何度か浅く呼吸を繰り返してから、メィリィはもう一度口を開いた。
「ものすごーく怖かったわ」
「でも、あいつの言うこと聞かなかったぞ?」
「そうねえ」
黒い水の向こうで魔獣が一体、異形の爪を受けて身体を引いた。
メィリィの目がそちらへ移り、今まで動かなかった右手も持ち上がる。
「怖いからって、言うことを聞かなくちゃいけないわけじゃないもの」
まだ震えの残る指先が、今度は迷わず魔獣たちへ向いた。
「ほら、まだ終わってないわよお。怪我してる子は後ろに下がって。
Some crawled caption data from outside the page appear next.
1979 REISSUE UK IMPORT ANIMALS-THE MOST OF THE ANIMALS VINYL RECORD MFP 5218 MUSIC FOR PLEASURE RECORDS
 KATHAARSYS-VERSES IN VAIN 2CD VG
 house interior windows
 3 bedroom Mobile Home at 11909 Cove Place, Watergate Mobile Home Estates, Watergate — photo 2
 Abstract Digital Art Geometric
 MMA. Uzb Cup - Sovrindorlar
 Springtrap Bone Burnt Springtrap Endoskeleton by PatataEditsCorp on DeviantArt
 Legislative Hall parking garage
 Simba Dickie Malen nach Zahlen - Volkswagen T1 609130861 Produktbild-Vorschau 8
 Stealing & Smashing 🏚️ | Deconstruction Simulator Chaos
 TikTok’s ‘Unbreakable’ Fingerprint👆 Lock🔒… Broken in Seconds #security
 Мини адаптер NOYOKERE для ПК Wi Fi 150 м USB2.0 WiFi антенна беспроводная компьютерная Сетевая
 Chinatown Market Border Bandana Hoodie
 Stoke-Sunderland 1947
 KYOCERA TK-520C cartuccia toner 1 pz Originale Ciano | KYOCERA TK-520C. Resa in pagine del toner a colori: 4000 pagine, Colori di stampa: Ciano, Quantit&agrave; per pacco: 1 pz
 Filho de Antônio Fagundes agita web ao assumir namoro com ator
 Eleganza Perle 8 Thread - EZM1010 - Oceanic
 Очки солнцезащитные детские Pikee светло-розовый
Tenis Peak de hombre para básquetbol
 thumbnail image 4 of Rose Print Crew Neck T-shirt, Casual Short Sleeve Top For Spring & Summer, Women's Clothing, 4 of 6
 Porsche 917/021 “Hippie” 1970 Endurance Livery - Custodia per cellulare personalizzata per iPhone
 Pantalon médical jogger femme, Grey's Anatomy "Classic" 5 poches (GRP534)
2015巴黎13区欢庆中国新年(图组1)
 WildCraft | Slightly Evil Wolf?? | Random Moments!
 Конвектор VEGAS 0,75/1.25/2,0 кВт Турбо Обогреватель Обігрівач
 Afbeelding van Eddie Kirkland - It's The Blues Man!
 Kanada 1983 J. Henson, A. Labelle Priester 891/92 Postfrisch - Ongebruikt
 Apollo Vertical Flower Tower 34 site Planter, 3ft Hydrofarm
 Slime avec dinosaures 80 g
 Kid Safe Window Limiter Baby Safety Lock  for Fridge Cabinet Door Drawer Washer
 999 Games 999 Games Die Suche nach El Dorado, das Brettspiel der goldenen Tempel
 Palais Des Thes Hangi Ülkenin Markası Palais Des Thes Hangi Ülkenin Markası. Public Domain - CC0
動ける子だけでいいから、あの子たちを水路の方へ追い込んでちょうだい」
傷を負った個体が前線を離れ、空いた場所へ別の二体が入る。
正面にはテュフォンがいるため、異形は左右へ逃げようとするものの、そこにも魔獣が回り込み、少しずつ水路の奥へ押し込まれていった。
「……見事な判断だったよ」
「当然でしょう?」
次の一体へ指示を出そうと伸ばした手が、途中でほんの少しぶれる。
「そこまで震えながら言われると、あまり格好はつかないけどね」
「うるさいわねえ」
睨まれたエキドナは肩を竦める代わりに壁へ向き直り、まだ光の残っている魔石へ指を触れた。
戦闘の音が一つ、また一つと水路の奥へ遠ざかるにつれて、壁を走っていたマナの光も順番に消えていく。
最後まで残った一本を確かめ、そこからも光が失われたところで、
「……今度こそ終わりだ」
壁から離れたエキドナの身体が、そのまま石床まで沈んだ。
歩き通したうえに術式へマナを流し続けた反動まで重なり、壁へ背中を預けたあとは、頬へ張り付いた髪を払う余力さえ残っていない。
「ドナ、またひんじゃくになったぞ」
「ボクはさっきからずっと貧弱だよ……」
テュフォンの指摘に返す声にも、もう先ほどまでの勢いはなかった。
「帰れるのお?」
「少し休ませてくれればね」
その時、頭上から鈍い振動が落ちてきた。
石柱に積もっていた砂がぱらぱらと水面へ落ち、静かになりかけていた貯水区画に細かな波紋を広げていく。
「魔女さん」
「なんだい?」
「私、上に戻るわあ」
「残っている術式は?」
「もう魔女さんが見ればいいでしょう?」
「薄情だなぁ」
「それに、お兄さんから地下に残ってろとは言われてないもの。上だって、まだ終わってないでしょう?」
再び伝わってきた振動に、今度は三人とも頭上へ意識を向ける。
しばらく待っても静かになる様子はなく、メィリィは地上へ続く水路の方へ身体を向けた。
「先に出てる子たちもいるし、合流してくるわあ」
「好きにするといいさ」
言われる頃には、もう傍に残っていた魔獣の背を軽く叩いている。
「最初からそのつもりよお」
促された魔獣が暗い水路へ入り、メィリィもその後へ続こうとしたところで、点検口から落ちてきた小さな石片が黒い水を打った。
足が止まる。
見上げた先にあるのは、カペラが砕いた石枠と、その向こうへ続く暗闇だけだった。
「じゃあ、またあとでねえ」
それ以上は立ち止まらず、先を行く魔獣を追って水路へ入る。
角を曲がれば貯水区画の明かりも届かなくなり、残った二人の姿も暗がりの向こうへ消えていった。